Sheep continued to receive support, resulting in a 2% rise in the National Mutton Indicator on the week to close at 672¢/kg cwt.

Next week:

Declining supplies and softening prices is not a good sign for demand. We won’t sound the alarm yet, but the test will come in July when lamb supply starts to ramp up.

Breaking down the flock

Key Points

  • The ABS Commodities survey data for 2018-19 was released late in May, confirming a new low for the flock.
  • NSW had the biggest decline in sheep numbers, while on a National scale it was lambs on hand which were down the most.
  • Breeding ewe numbers did not hit a new low, meaning the lamb crop could recover quickly.

Many readers will remember filling out the Australian Bureau of Statistics (ABS) Agricultural Commodities survey last July and might be wondering what happened to the data. Well, it was released at the end of May, and we’ve seen the headline flock number, but breaking it down makes for some interesting reading.

There is more data revealed in the ABS Agricultural Commodities Report than we can discuss in one article, so we’ll start with the big numbers.

We know the Australian sheep flock is at an over 100 year low, but in NSW June 2019 marked the lowest sheep flock for the state on record. Figure 1 shows the NSW flock fell 11% from June 2018, but it remains the biggest sheep state, accounting for 34% of the National flock. In 20 years the NSW flock has almost halved.

South Australia also had a heavy fall, losing 10% of their flock, with Victoria down 5%. WA managed to largely maintain their flock, down just 1%, but it has still halved since 1995.

With NSW bearing the brunt of the drought and SA also being heavily impacted, it should be no surprise that those two states saw the biggest downturn.

Despite the total flock being at its lowest level since 1905, the breeding ewe flock at the 30 June 19 was still marginally above 2016 (Figure 2).

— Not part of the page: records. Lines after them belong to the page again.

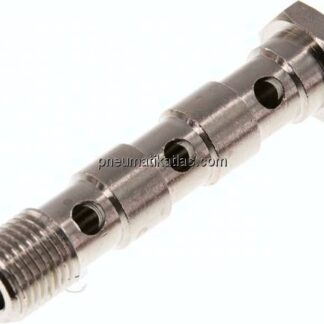 Hohlschraube, 3-fach G 1/4"-67mm, Messing vernickelt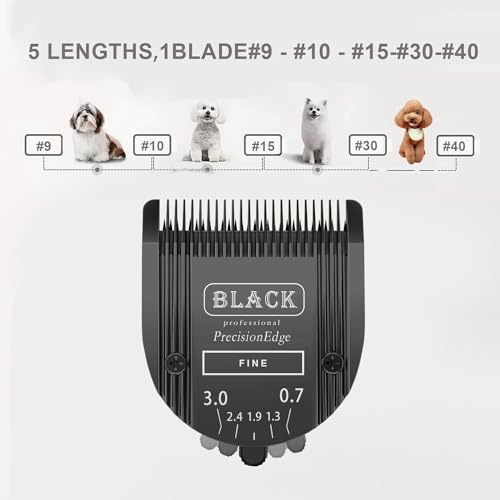 Adjustable 5 in 1 Blades Compatible with WAHL Arco,Bravura .Chromado，Creativa，Figura Dog Clippers for Dogs Grooming(Black/3PC) - color: Black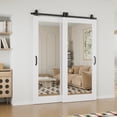 thumbnail image 2 of 64" x 80" 1-Lite Mirror White Primed Solid Core Sliding Bypass Barn Door Double Doors With Hardware Kit, 2 of 9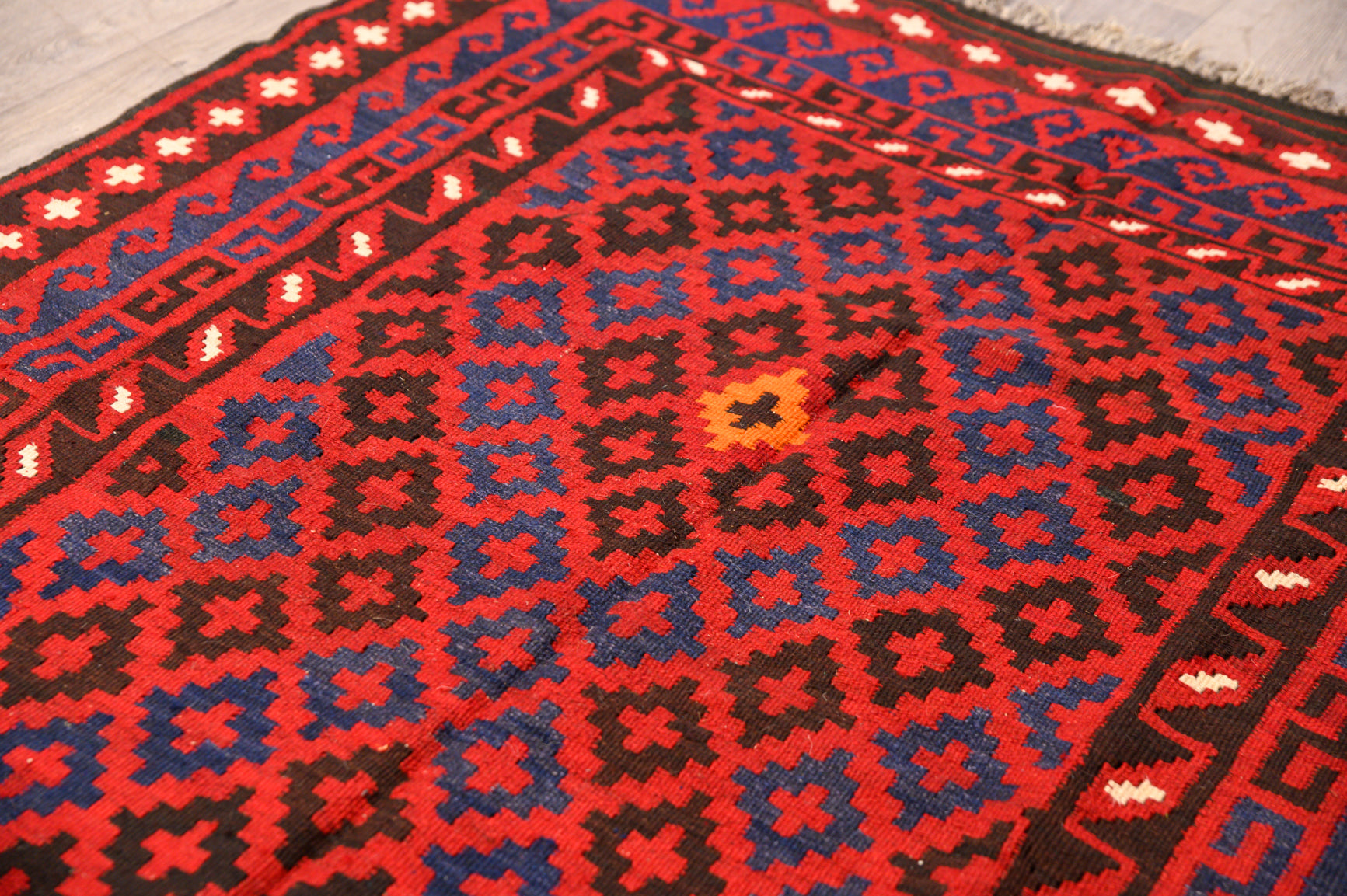 Red Maymana Afghan Wool Kilim 197cm x 151cm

The flock fell 7%, breeding ewes were down 4.7%, and lambs under 1 year were down 11.6%. Strong wool prices helped save some wethers, with the rams and wether portion of the flock down just 2%.

The lamb portion of the flock was down due to a smaller lamb crop in 2018-19.  In fact, the lamb crop was at its lowest level since our records start in 2009 (Figure 3). The green line shows lambs marked as a proportion of breeding ewes on hand as at June 30 the previous year. Low lamb marking in 2018-19 shows the worst reproductive performance in six years.

We can see that from 2016 the flock bounced back, with the lamb crop coming in at 88% of the ewe flock. While the ewe flock is likely to be lower this year, the lamb crop and flock numbers can recover from lows with a good season.

What does this mean?

The ABS data clearly shows how the season can impact lamb supply and flock change. From this, we can extrapolate that 2019-20 likely had a small lamb crop and that the ewe flock will have eased further. We also know that with the better season currently being experienced, we could see the lamb crop bounce back to 30 million head in 2020-21 or possibly even higher.